Ugh. I don't even want to think about it." I wanted to hang up
the phone, but I couldn't.

     "Oh, thanks for the present," she said.

     "I bought that for Lionel!" I told her.

     "I know, but we share everything."

     The sick emphasis she put on `everything' was enough to
bring me back from the haze my mind was wondering around in.
Hearing that gave me the strength to hang up the phone. I
couldn't believe her nerve, to call me and talk trash and rub her
abuse of the man I loved in my face. I may not have wanted to
sleep with him anytime soon, but I sure as hell didn't want her
sleeping with him either. She was a sick person and he needed
help to get away from her. I vowed that I wouldn't let him down.
My goal that night became to save him from her and from himself.

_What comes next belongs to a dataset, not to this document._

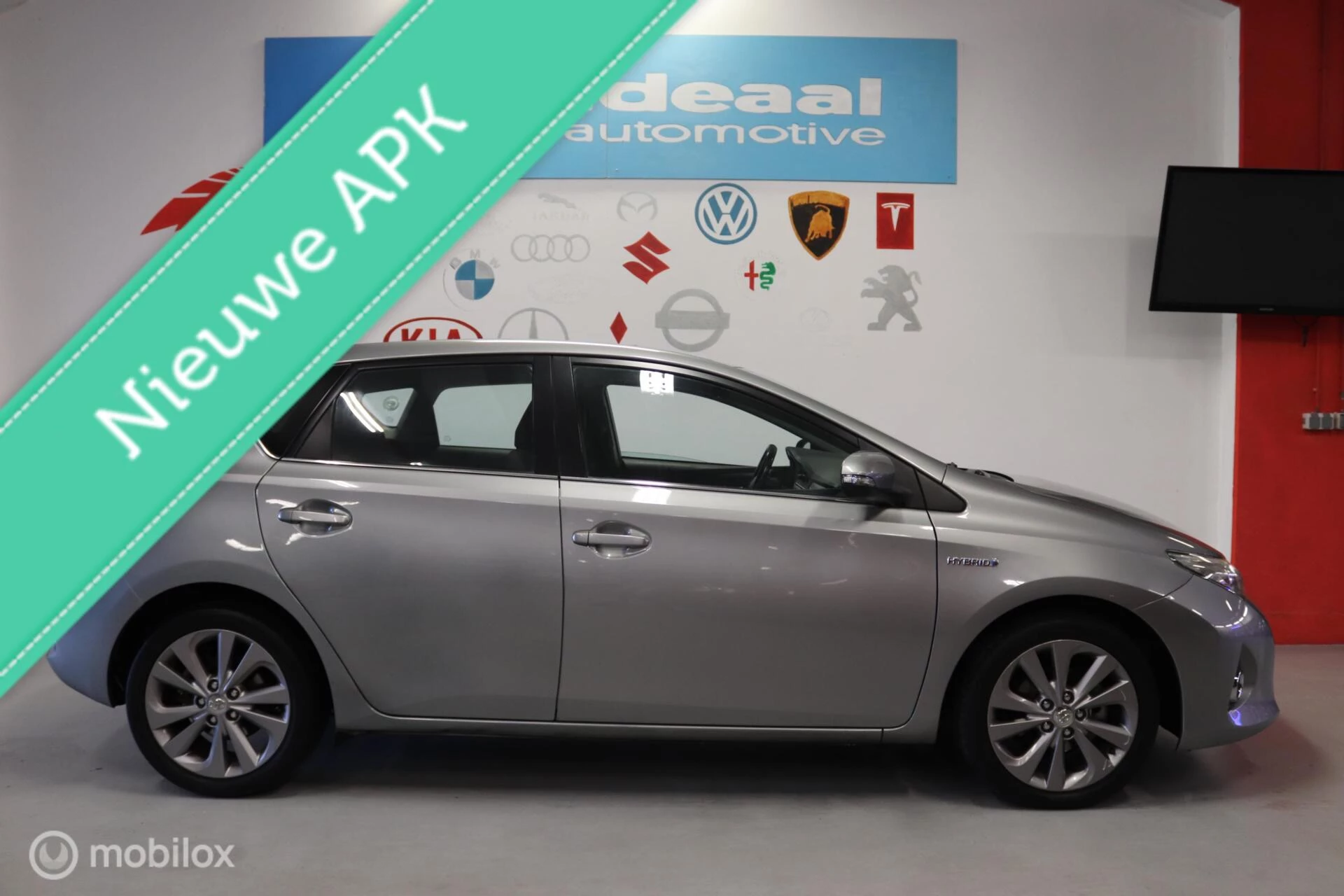 Hoofdafbeelding Toyota Auris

     I tried to call Lionel to check on him, but he wouldn't
answer the phone. I wanted to find him and love him, I wanted to
swoop down like his guardian angel and save him. I wanted so many
things and that night I wouldn't get any of them. I called Lionel
all night, but he never answered his phone.

     I breathed a sigh of relief when I heard the door unlock
early the next morning. If I had known what was going to happen,
I wouldn't have smiled when Lionel walked in.